Por Marcelo Carlin -  

As medidas de aumento de encarceramento anunciadas pelo governo federal não resistem ao teste Kobayashi Maru, criativamente apresentado por Alexandre Morais da Rosa e Philipe Benoni Melo, retirado da ficção científica da série Star Trek, mas também não passam por um teste da vida real.  

Ocorre que o pacote "anticrime" também não suporta um simples escrutino de sustentabilidade multidimensional de políticas públicas, ensinado por Juarez Freitas, que consiste em avaliar as consequências intertemporais das ações anunciadas, observando todas as questões sociais, econômicas, ambientais e tecnológicas envolvidas no problema. Realizado a contento, segundo o autor, o teste de sustentabilidade “induz à internalização das externalidades negativas; realça o peso consorciado de justificativas econômicas e não-econômicas; destaca e preserva valores intrínsecos; desvela o ônus da passividade omissivista; torna nítida a importância de padronizações sensatas, positivas; permite o julgamento dos projetos com o horizonte dilatado; facilita a rejeição das soluções reducionistas; favorece uma laboriosa gestão de riscos; expande as alternativas inovadoras e contém o impulsivismo direcionado a recompensas efêmeras que sacrificam o amanhã”. 
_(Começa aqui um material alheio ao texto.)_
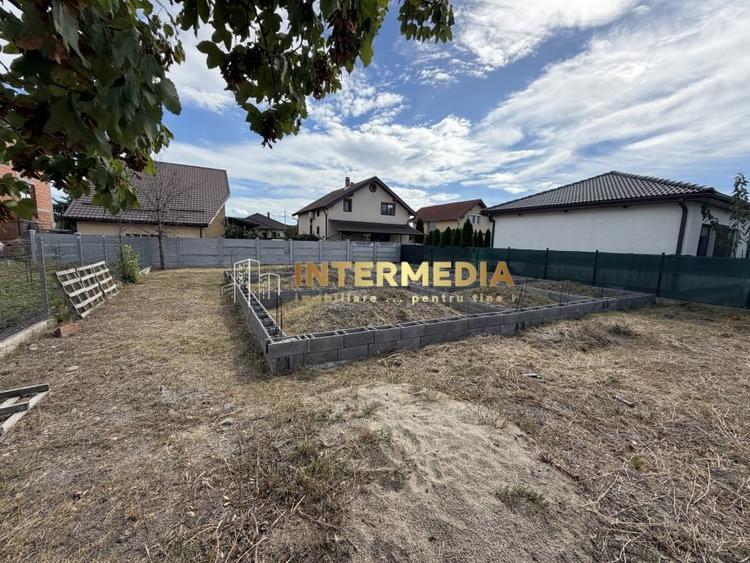 Teren Construcții intravilan de 333 mp, în Cetate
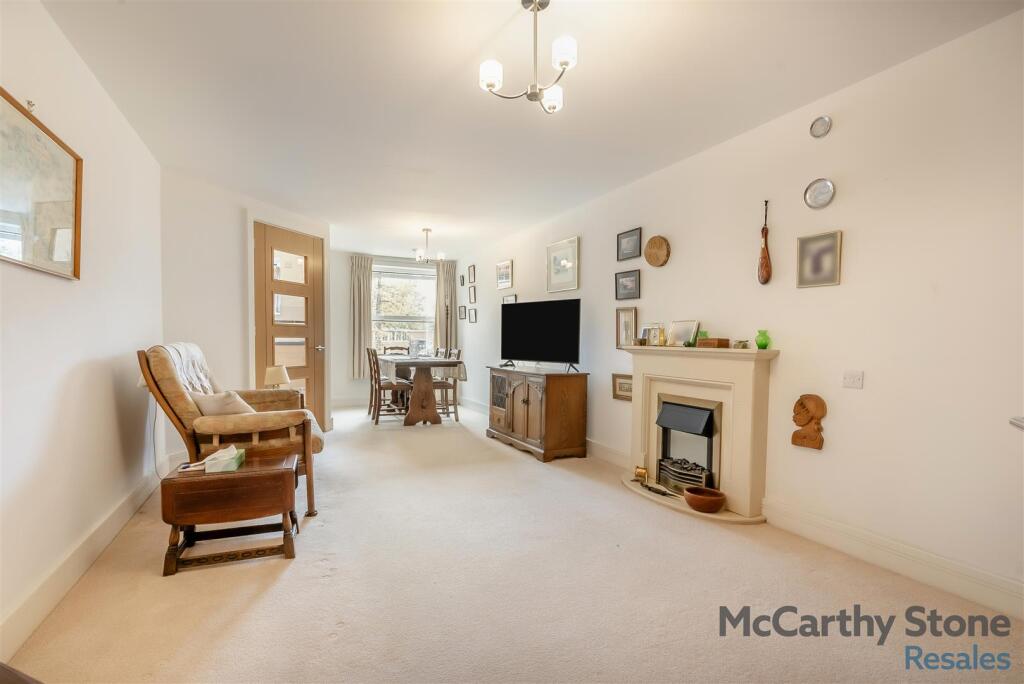 Additional image 3 of Peel Court, College Way, Welwyn Garden City, Hertfordshire, AL8 6DG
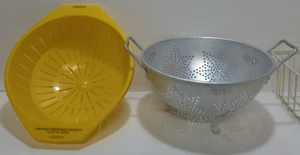 2 VTG 9" Mirro Star Colander Strainer Handles Footed Metal  Handles & 1 Plastic - Picture 1 of 5
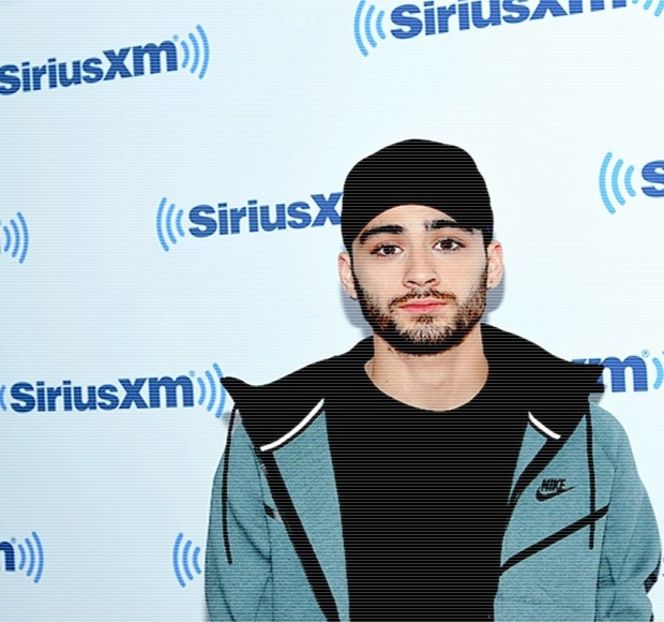 — Fără a se obosi să o mai aranjeze. „Îmi aştept premiul, în orice caz.” Decide să intervină - 07 Mistletoe could pull us closer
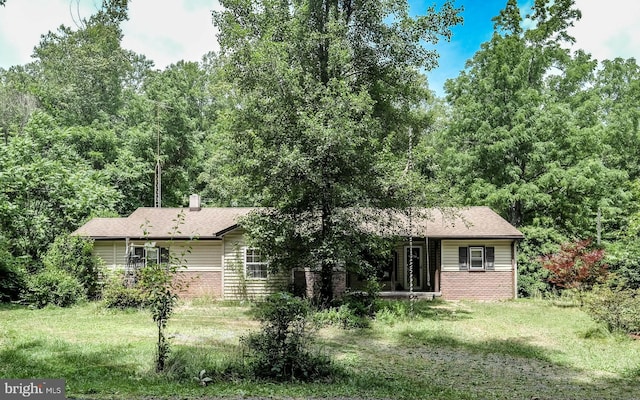 view of front of home with a front yard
Logo, o proposto do atual governo é carente de futuro duradouro, viável ou sustentável. A aposta na ideia primitiva de retribuição penal, com o simplório endurecimento das penas privativas de liberdade para reduzir as taxas de criminalidade. Isso porque ignora todas as evidências e pesquisas criminológicas realizadas em diversos países, que indicam a falência da pena de prisão, ante os elevados custos econômico e não econômicos de manutenção do sistema carcerário massificado e os resultados ineficazes dele, em razão dos altíssimos índices de reincidência, normalmente próximos de 70%. 

A falta de investimentos adequados para cumprir as diretrizes da Lei de Execução Penal, no caso brasileiro, facilitou o surgimento e o desenvolvimento do crime organizado no interior de nossas masmorras medievais, trazendo ainda mais insegurança à população.  
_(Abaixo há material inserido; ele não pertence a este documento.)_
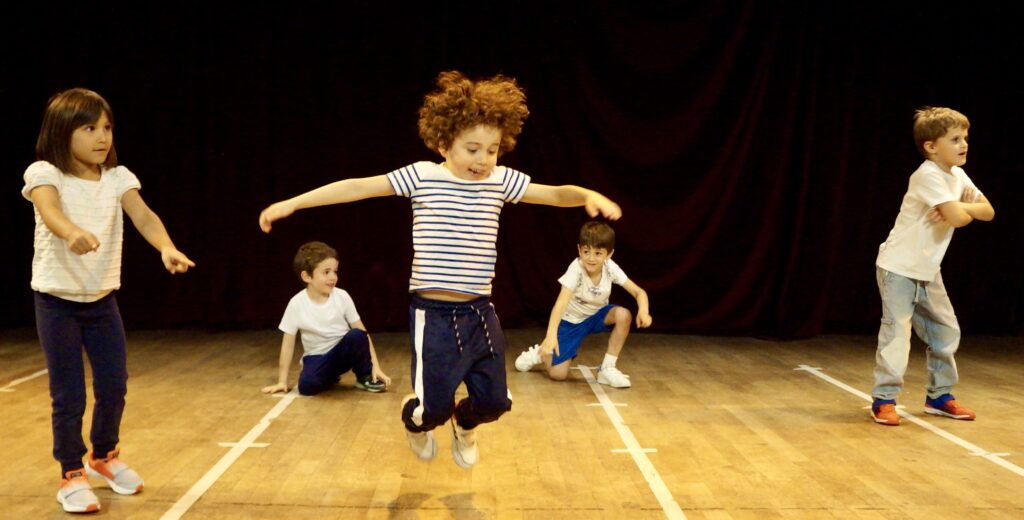 Le spectacle de fin d'année des enfants d'un cours de hip-hop de la compagnie maya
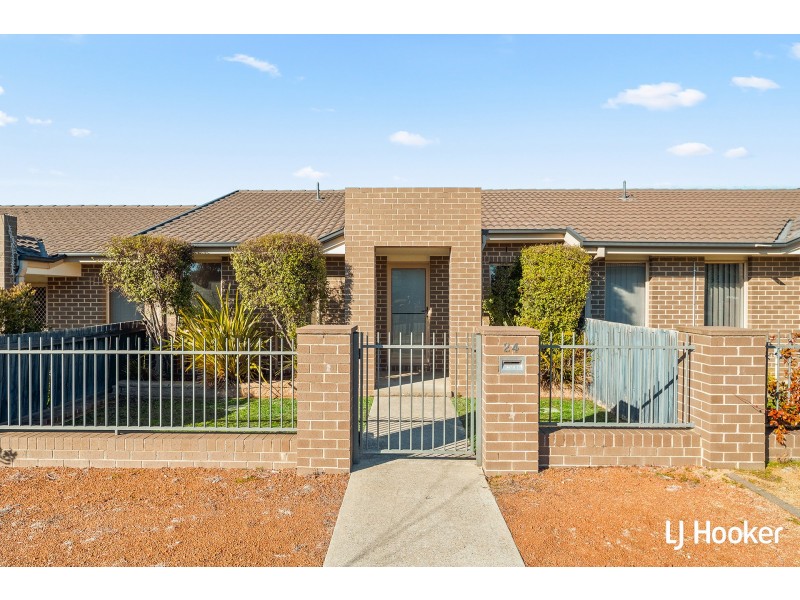 24 Salisbury Street, Casey ACT 2913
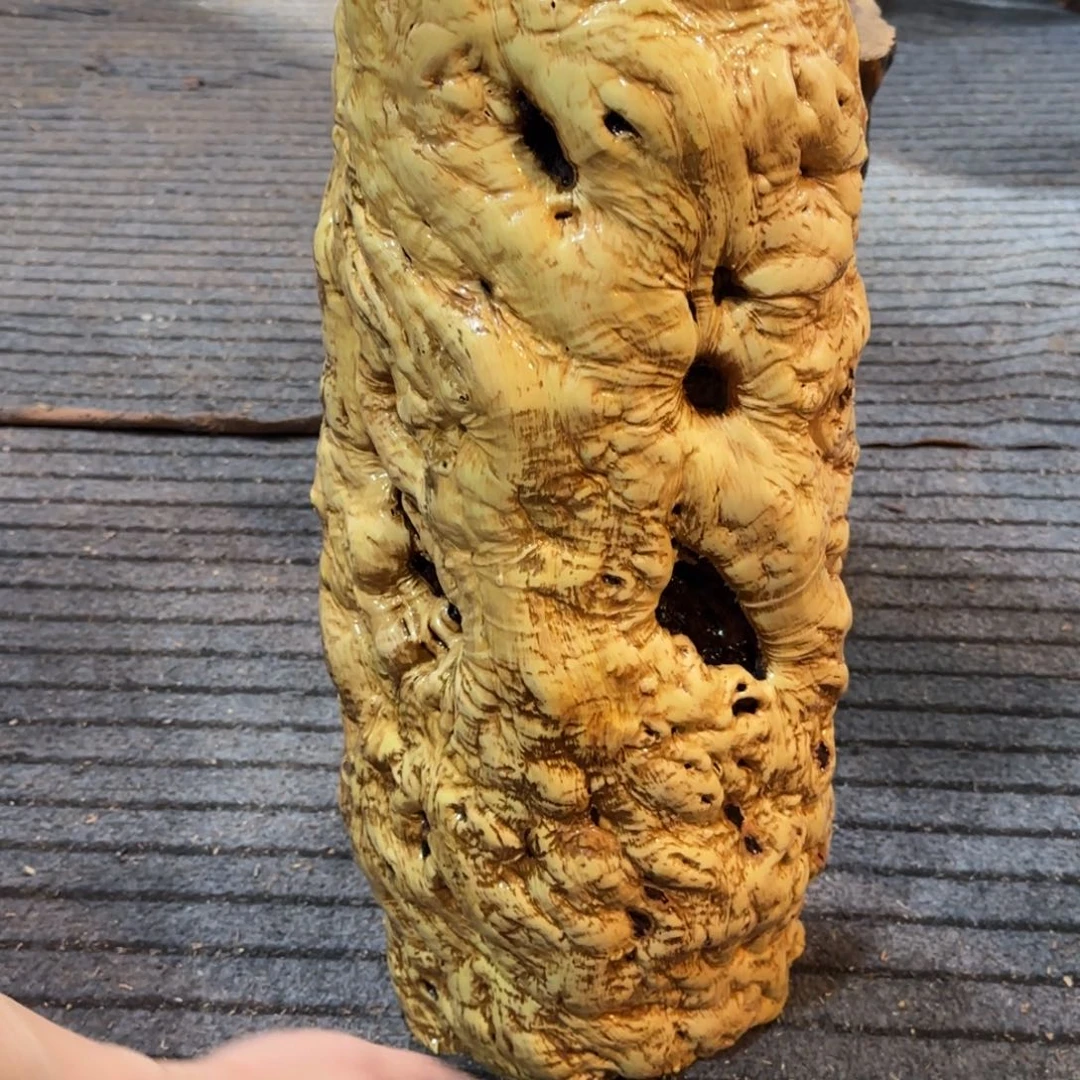 台***哥龙纹鸡心枣木手工艺品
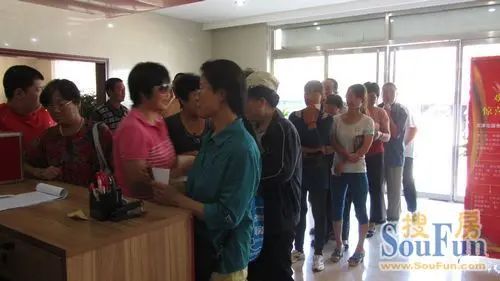 大家排队领取纪念品 大家排队领取纪念品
O crime organizado brasileiro é subproduto da crônica falta de investimentos em políticas públicas para prevenir a criminalidade, especialmente para os jovens, na omissão sistemática em reformar o sistema penitenciário e também da ausência de políticas de Estado para o desenvolvimento de alternativas penais. 

Até mesmo o estado de Santa Catarina, avaliado como um bom exemplo de cuidado com as contas públicas, passará por dificuldades financeiras nos próximos anos. O atual governo estadual já anunciou o corte do cafezinho (e também dos postos de trabalho de quem o prepara!) no Executivo e adverte que terá dificuldades para pagar as próximas folhas de vencimentos dos servidores públicos.
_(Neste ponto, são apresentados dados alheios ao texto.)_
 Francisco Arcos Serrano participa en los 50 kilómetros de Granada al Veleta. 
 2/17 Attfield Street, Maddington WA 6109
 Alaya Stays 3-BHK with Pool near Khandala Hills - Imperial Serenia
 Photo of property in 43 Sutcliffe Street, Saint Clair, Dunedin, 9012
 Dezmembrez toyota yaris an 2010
O estado, há muito tempo, alcançou o seu limite prudencial de ampliação de vagas no sistema prisional, sem resolver o problema da falta de espaço adequado e sem assegurar a redução significativa nos índices de criminalidade. Insistir nesse modelo levará ao sacrifício das futuras gerações, que não terão os frutos dos investimentos em outras políticas públicas e infraestruturas que assegurem o desenvolvimento sustentável.  

Em Santa Catarina, em 31 de dezembro de 2014, faltavam 4.350 vagas e estavam presos 15.633 apenados. O esforço do governo anterior elevou em 6.405 o número de vagas, porém o número de segregados cresceu em 6.600 e a população carcerária chegou ao patamar de 21.615 pessoas, em 25 de fevereiro de 2019. A projeção é o aumento de 990 presos até o final do ano de 2019, sem perspectiva de abertura de vagas. 

Ante a incapacidade de investimentos por parte dos estados, fica a seguinte pergunta: a União, que custodia perto de mil presos, com o custo mensal de R$ 15 mil cada um, estaria disposta a construir um estabelecimento de segurança máxima em cada estado ou federalizar parte dos estabelecimentos prisionais estaduais já construídos para aumentar os níveis de segurança deles e neutralizar a ação do crime organizado?  

Acreditamos que a prisão massificada perseguida como panaceia para “combater” o crime não é solução para o problema, é parte dele.  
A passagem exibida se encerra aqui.